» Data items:
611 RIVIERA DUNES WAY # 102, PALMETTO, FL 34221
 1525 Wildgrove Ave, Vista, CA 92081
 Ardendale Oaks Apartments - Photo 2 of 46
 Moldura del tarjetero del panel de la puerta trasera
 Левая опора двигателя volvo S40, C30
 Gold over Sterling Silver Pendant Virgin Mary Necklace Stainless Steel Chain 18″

» What the task requires: From the records above, extract each line exactly as shown.

» Answer for the task:
611 RIVIERA DUNES WAY # 102, PALMETTO, FL 34221
 1525 Wildgrove Ave, Vista, CA 92081
 Ardendale Oaks Apartments - Photo 2 of 46
 Moldura del tarjetero del panel de la puerta trasera
 Левая опора двигателя volvo S40, C30
 Gold over Sterling Silver Pendant Virgin Mary Necklace Stainless Steel Chain 18″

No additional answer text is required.